Yeah, the stigma against the medication, and the people who casually say "omg, I'm like, so ADD" really hurt the people who have actually been diagnosed with it. Depending on where you live, it can be difficult to find a psychiatrist willing to see you for a diagnoses and subsequent prescription because they think that you're a college kid wanting to abuse it or sell it. I had to call 4-5 different offices until I found a psychiatrist that would see me, and you can check the /r/ADHD and see a bunch of stories about people who moved to a different state for work, but nobody will prescribe them their medication in their new state, and now they're struggling at their new job.
From my perspective, the thing that has hurt the credibility around ADHD diagnoses is the pretty blatant use by affluent parents to get diagnoses so they can get test-time extensions for their kids.
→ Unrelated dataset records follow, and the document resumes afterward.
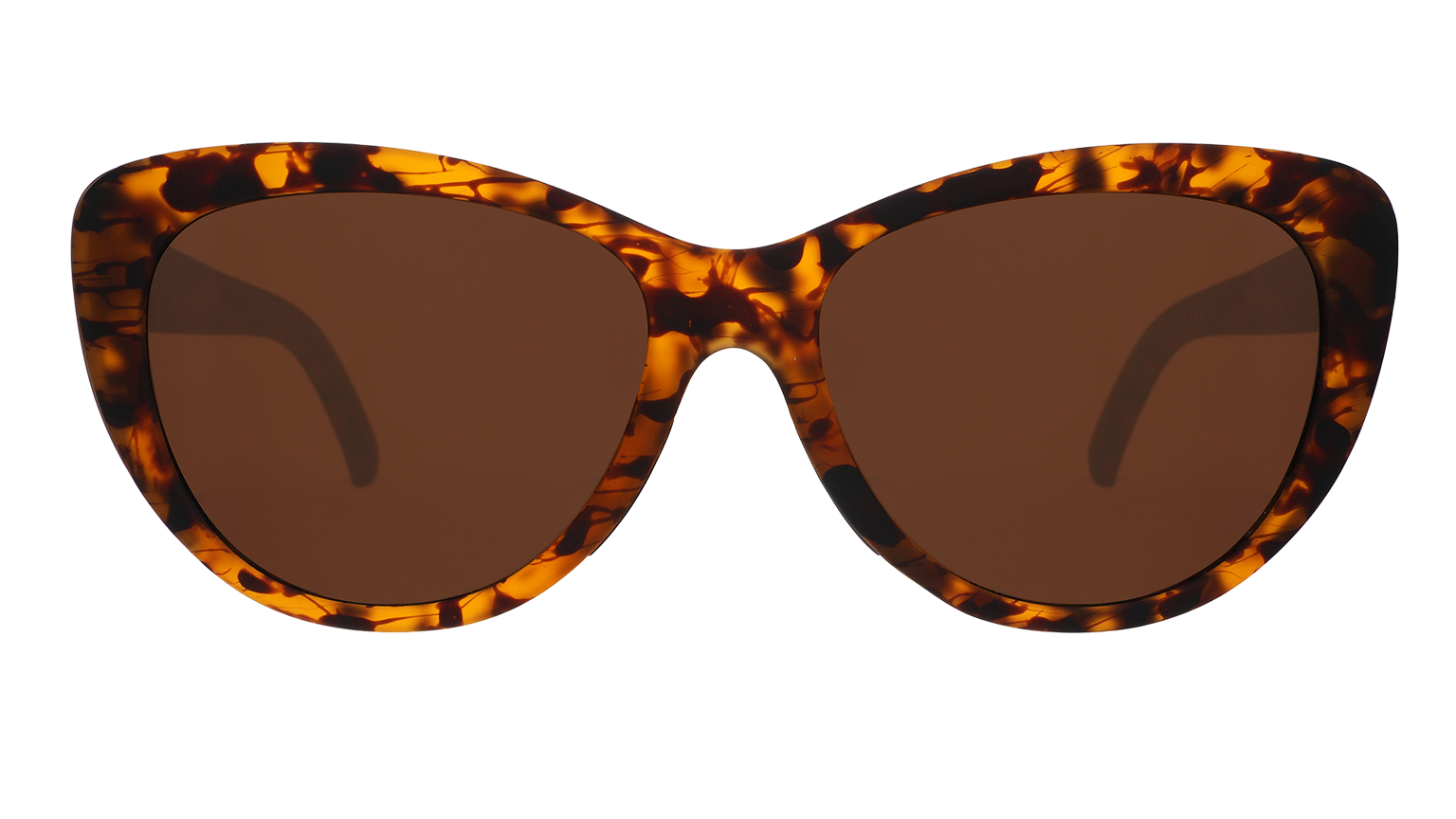The Catwalk's Meow - Modern Everyday Eyewear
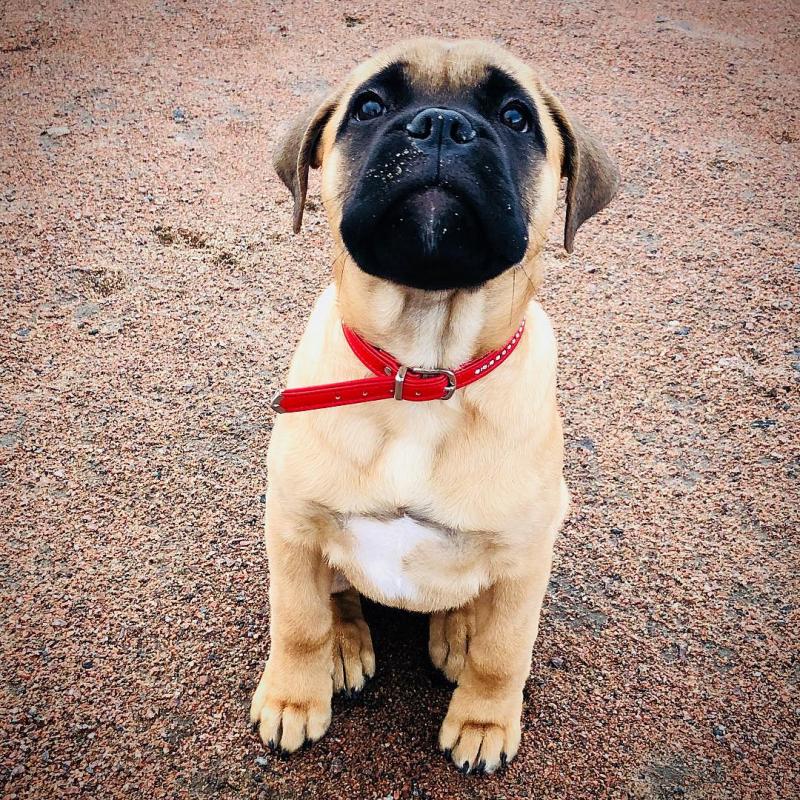Adorable Bull-Mastiff Puppies For adoption. Text (205) 740-9695 Image eClassifieds4u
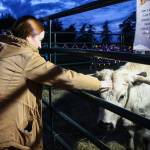 Brynn Brudge bonds with Moo Radley at the Christmas Village. (Photo by Luisa Loi)
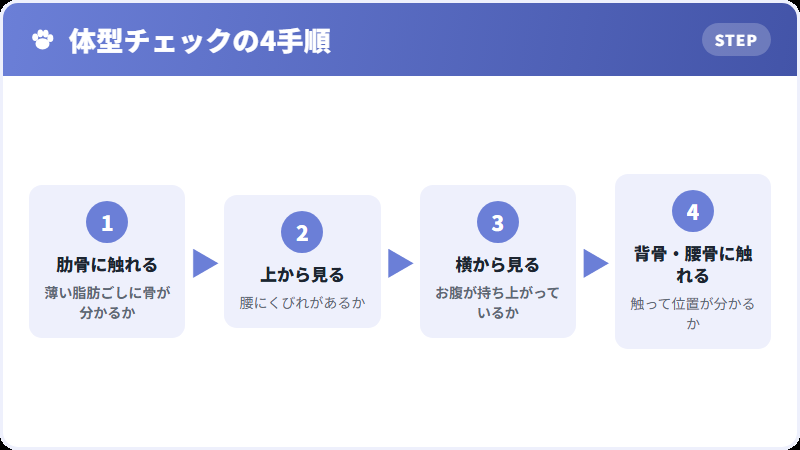 体型を触って確認する方法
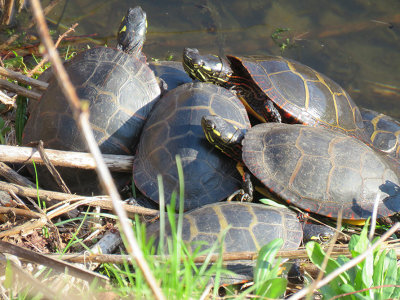 Possibly ten turtles sunning yesterday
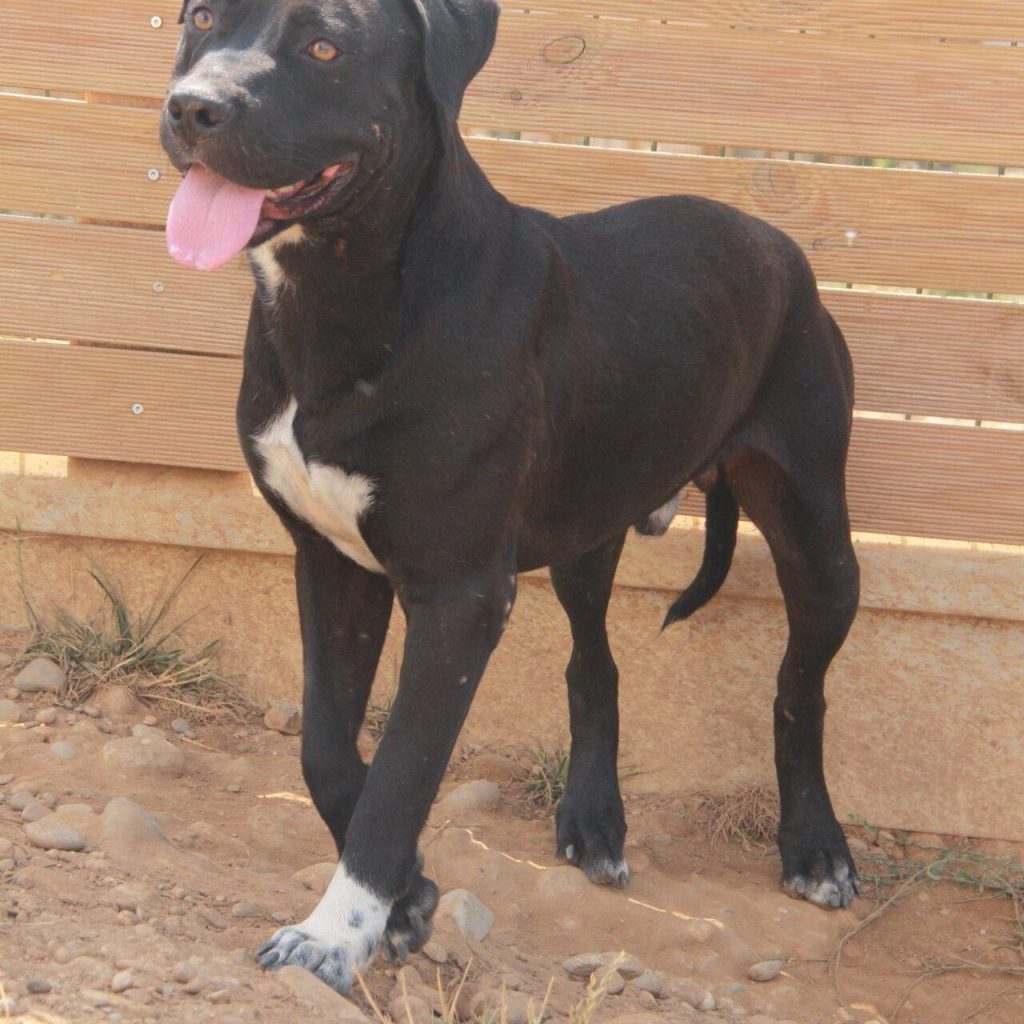 Rollo 2
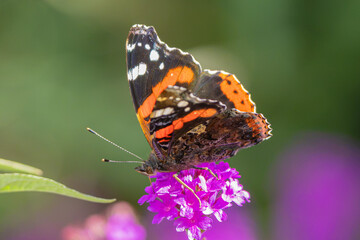 Red admiral butterfly feeding on a purple flower © Marko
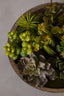 Hamilton Interiors Accessories Fiori Mixed Succulent In Stone Effect Pot House of Isabella UK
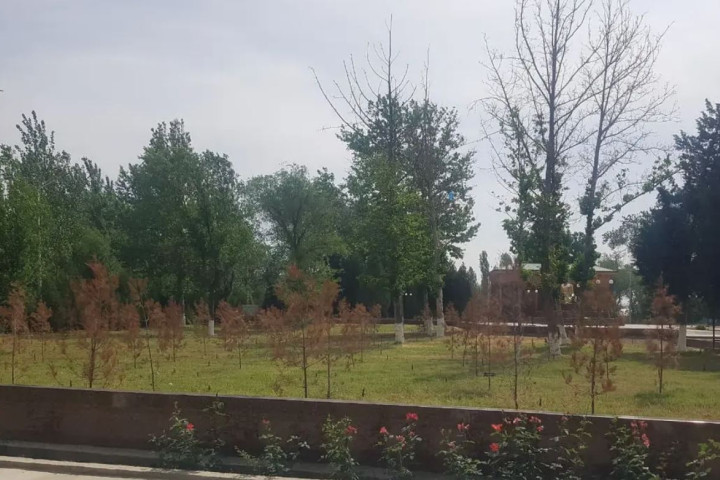 В Сырдарье должностные лица за недосмотр за саженцами оштрафованы более чем на 700 млн сумов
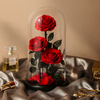 Preserved Triple Red Roses Tower Dome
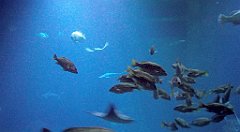 119_A806_IMG_20171210_105656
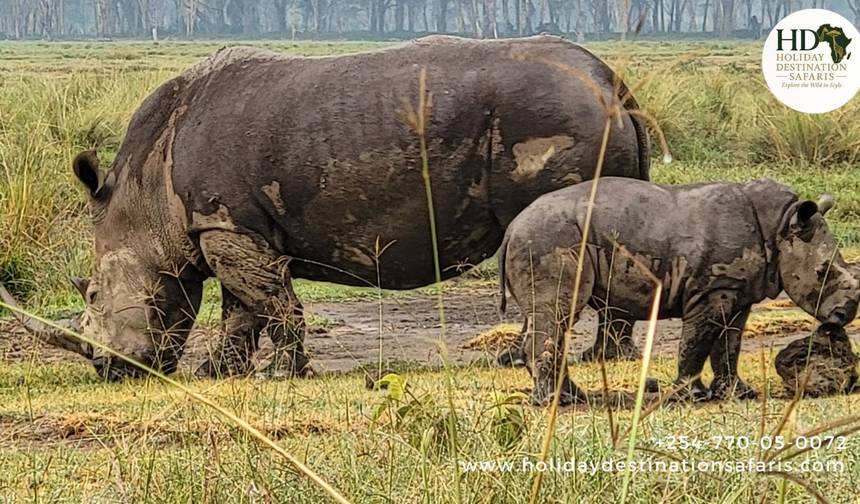 Twoje Afrykańskie Safari — 1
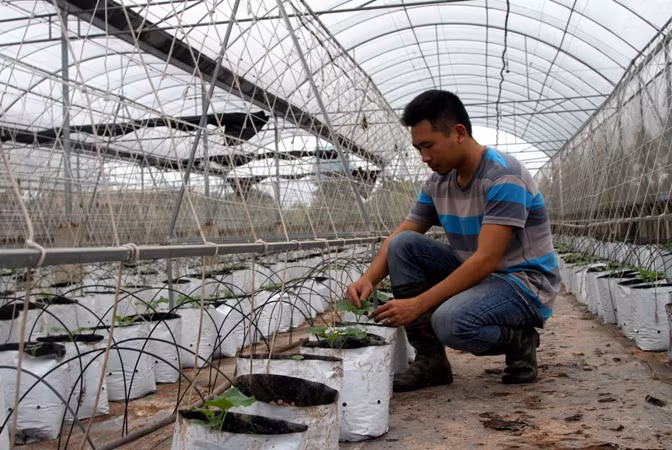 Nông dân sản xuất nông sản sạch ảnh 1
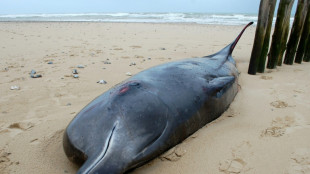 Une baleine &agrave; bec meurt apr&egrave;s s'&ecirc;tre &eacute;chou&eacute;e sur une plage du Pas-de-Calais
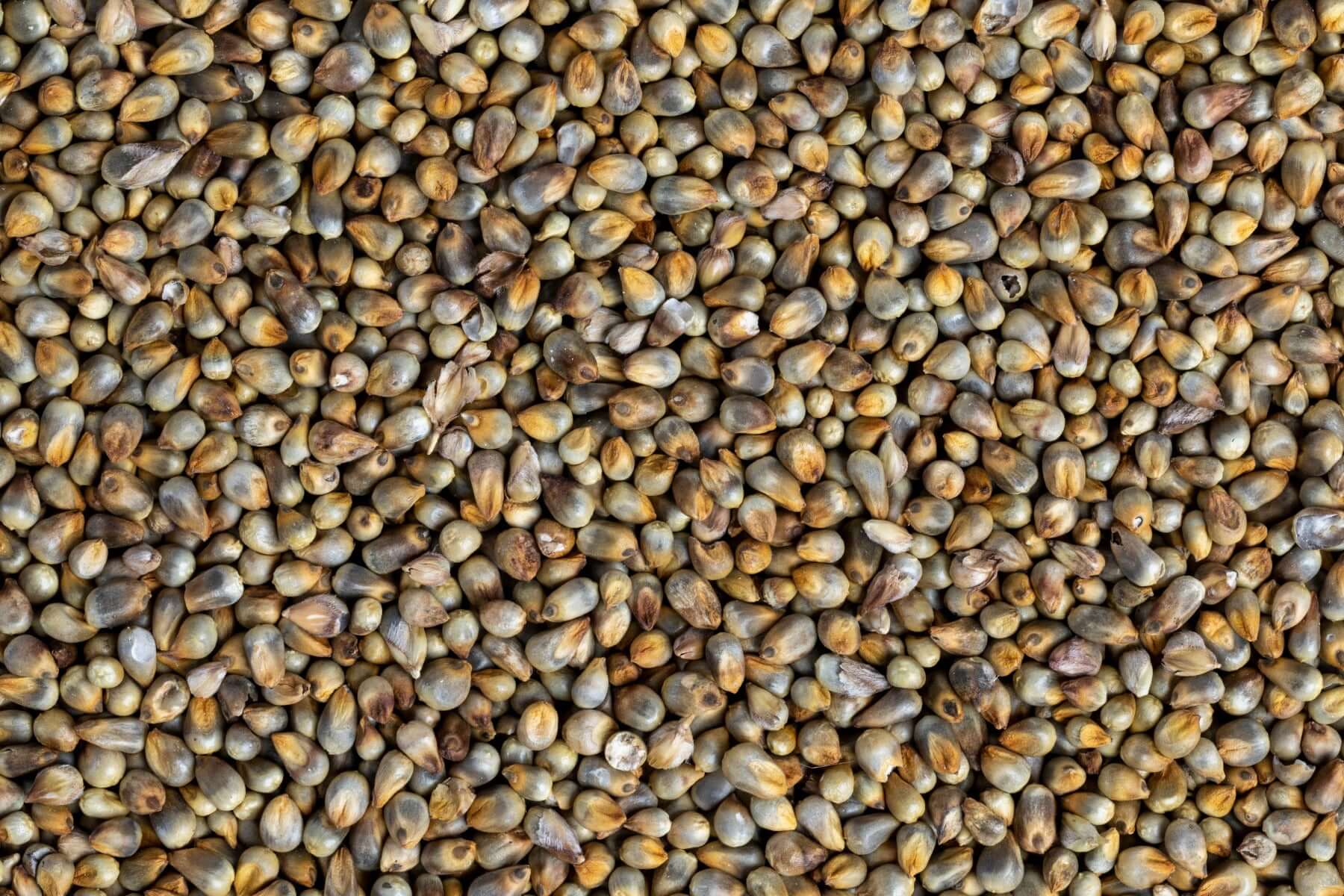 OOO Farms Pearl Millet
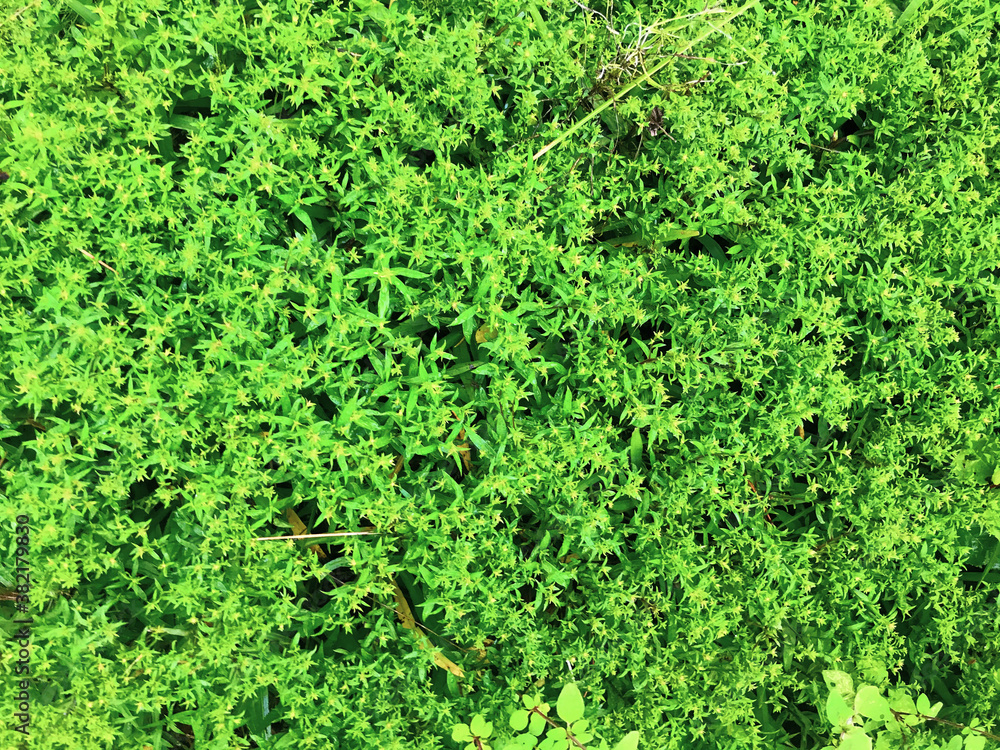 Fototapeta premium texture, natural background. green bush with small leaves. hedge. natural background of green color. natural living fence. gardener caring for plants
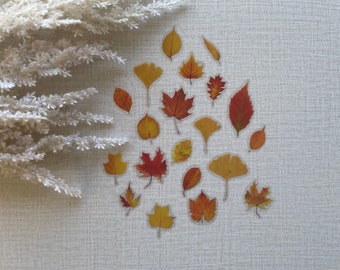 Fall Leaves Stickers, Sticker Set, Laptop Stickers Pack, Flower Stickers for Planner, Bullet Journal Accessories, 2026 Bullet Journal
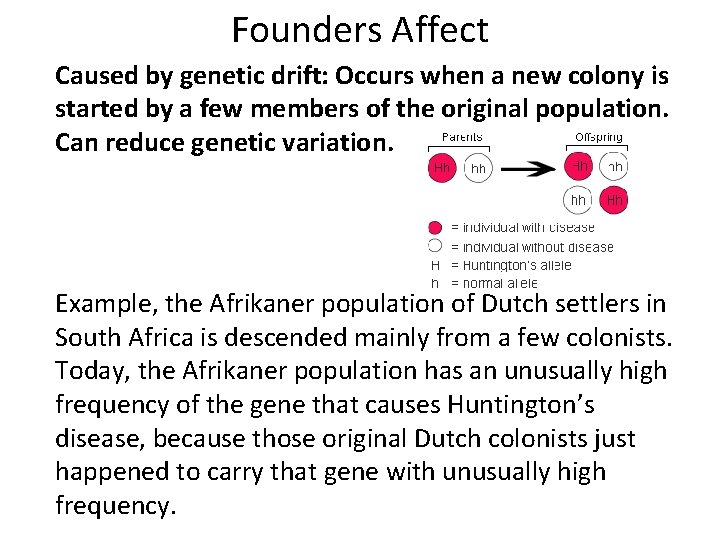 Founders Affect Caused by genetic drift: Occurs when a new colony is started by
ADHD diagnosis is much more strongly correlated with affluence than many other mental illnesses.
Eliminating the 504 accommodation would be beneficial in my view.
Software engineering gave me the opportunity to go from being in the bottom economic class to the highest. And guess what, when I was a kid and college student I didn’t have the resources to obtain mental health treatment. Now that I’m a software engineer I can afford therapists, psychologists and psychiatrists that help me manage ADHD and bipolar. I’m still the same person. I just have more access now.
Sure - also the metrics measured in industry are not the same as the metrics measured in school.
What you're saying doesn't seem at odds with what I'm saying.
I would, however, be interested in seeing a study where they give kids with ADHD adderall and give kids without ADHD adderall and see if the test-score residual is statistically significantly higher for the ADHD group.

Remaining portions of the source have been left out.